Nos últimos tempos, as coisas continuaram a mudar. Para pior. A quarta secção já não funcionava no anexo, as declarações tinham de ser pedidas por email e alguém do TC agendava a consulta. Os documentos consultados já não eram originais, mas sim cópias. E, pior do que isso, passaram a vir excessivamente rasurados à boleia de uma lei que pretendia proteger dados pessoais e não dados importantes para o escrutínio público dos políticos. Em novembro de 2023, numa newsletter exclusiva para assinantes do Observador, o diretor executivo Miguel Pinheiro relatava precisamente essa minha má experiência (e até então única) no TC. Em vez de proteger moradas e matrículas, os serviços do TC rasuraram nomes de bancos onde os políticos têm as contas, a tipologia de imóveis de que são proprietários (é diferente comprar um T1 ou um T5 por um valor) ou até as empresas das quais têm ações.

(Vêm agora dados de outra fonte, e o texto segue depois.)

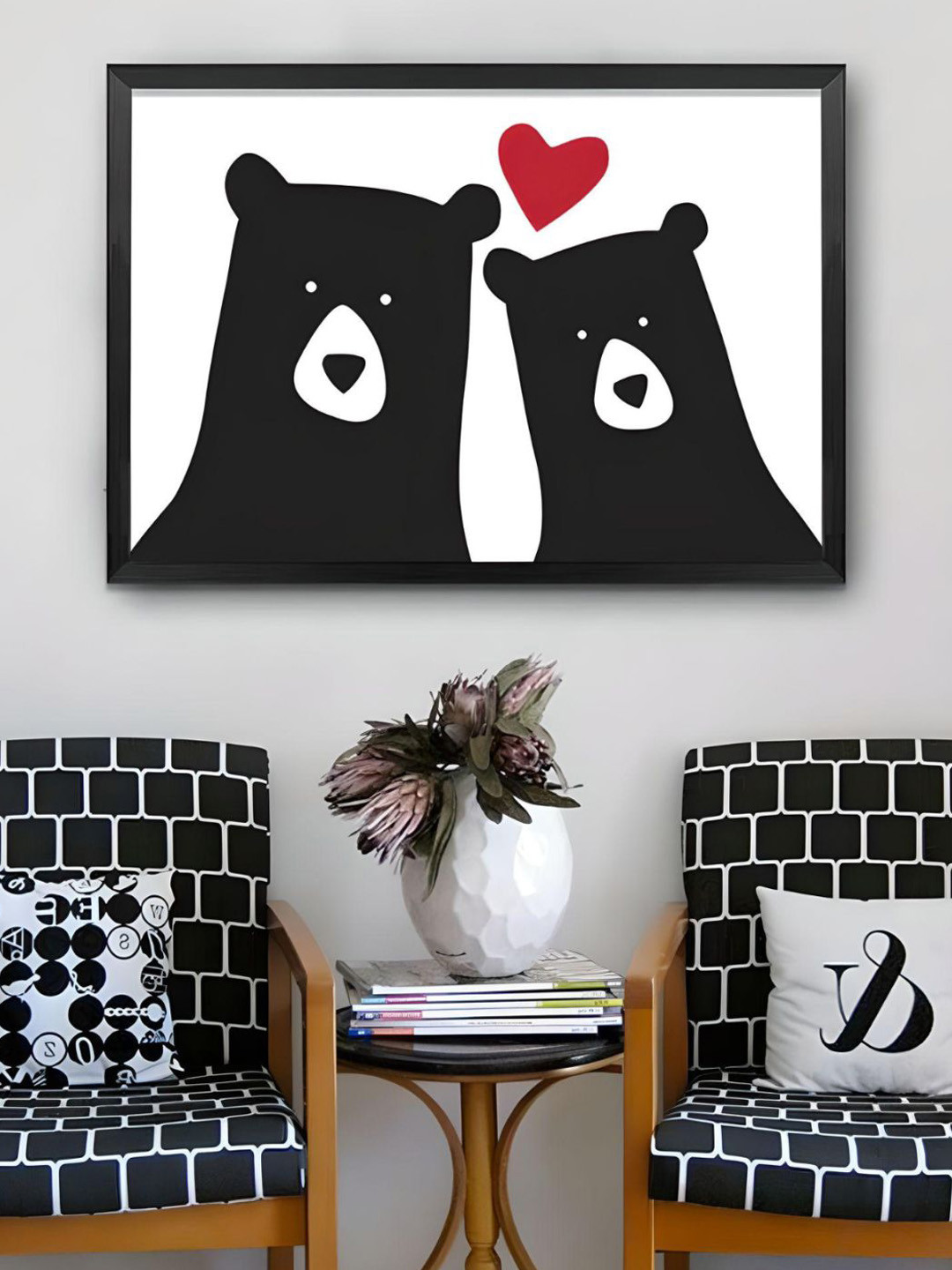 THE HANDMADE FLAIR Black & Red Family Of Bears Cute Animal Framed Wall Art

Os sinais não eram animadores, mas os serviços do TC iam explicando que estavam numa fase da transição para a nova Entidade para a Transparência — que ia passar a permitir a consulta eletrónica das declarações. Apesar dos atrasos, os legisladores pareciam ter dado um passo de gigante e agora tudo se tornaria mais fácil. O organismo foi sediado em Coimbra para dar um sinal de que agora a consulta não era para quem se dirigisse a Lisboa (continua a ser possível presencial, num computador no edifício do Palácio dos Grilos), mas para todo o território. O facto de a consulta passar a ser remota permitia, por exemplo, que um cidadão de Melgaço ou de Vila Real de Santo António verificar se o seu presidente comprou terrenos numa área de reserva agrícola ou ecológica sem ter de se dirigir a Lisboa.

Os próprios jornalistas, que foram sempre quem mais utilizou este instrumento ao longo dos anos, também passariam a ter um acesso mais rápido, mais fácil e menos burocratizado. O que se tem verificado, no entanto, é o contrário. Como consta de um artigo publicado na quinta-feira no Observador, a entidade para a  Transparência tem criado obstáculos à consulta tornando-a mais difícil. O mesmo — é percetível por um texto publicado também na semana passada no Expresso — está a acontecer com outros jornalistas.

Resumindo a pequena travessia, a 12 de julho requeri a consulta de algumas declarações e a Entidade da Transparência exigiu-me uma informação mais detalhada, que não podia dar sob pena de estar a violar o sigilo profissional que a profissão de jornalista obriga. Isto depois de já ter explicado que queria consultar a declaração porque era jornalista (cedendo o nome e número da minha carteira profissional) e para um trabalho jornalístico. Seguiram-se trocas de emails e um braço de ferro que culminou, no dia 7 de agosto, com um email dirigido a mim (“Ex.mo Senhor Requerente”) a informar que “a Entidade da Transparência entende ser de indeferir o requerimento”. O mesmo email acrescentava que o “projeto de decisão e respetivos fundamentos podem ser consultados no Anexo”. Surpresa: não havia Anexo nenhum para consultar. Surpresa 2: dias depois uma fonte da entidade explicou-me que o requerimento não tinha sido indeferido, uma vez que aquele era apenas um “projeto de decisão”. Algures neste imbróglio semântico-jurídico, a própria entidade emitiu um comunicado a dizer que nenhum pedido foi “indeferido”, pelo que suponho que ainda haja esperança de ter acesso, um dia, às declarações.

Entretanto, passou mais de um mês e continuo sem aceder às declarações de rendimentos. A Entidade, que foi criada para fomentar a Transparência, tornou-se numa espécie de Entidade para a Opacidade. Agora é mais difícil, mais burocrático e, acima de tudo, mais subjetivo o processo que permite ter acesso às declarações dos políticos. A Lei do Controle Público da Riqueza dos Titulares dos Cargos Políticos, que agora tem o mais respeitoso nome de Regime do Exercício de Funções por Titulares de Cargos Políticos e Altos Cargos Públicos, continua a servir para o escrutínio dos políticos, mas só quando no tempo e no modo que a nova Entidade entender. Do meu lado, tenho saudades do cheiro a humidade do anexo, das dedadas das folhas escritas à mão pelos primeiros-ministros e dos requerimentos que me entregava o senhor Cardoso Manso. Mesmo com uma correção de tiro desta falsa partida da Entidade, dificilmente uma consulta será tão transparente como era há 16 anos.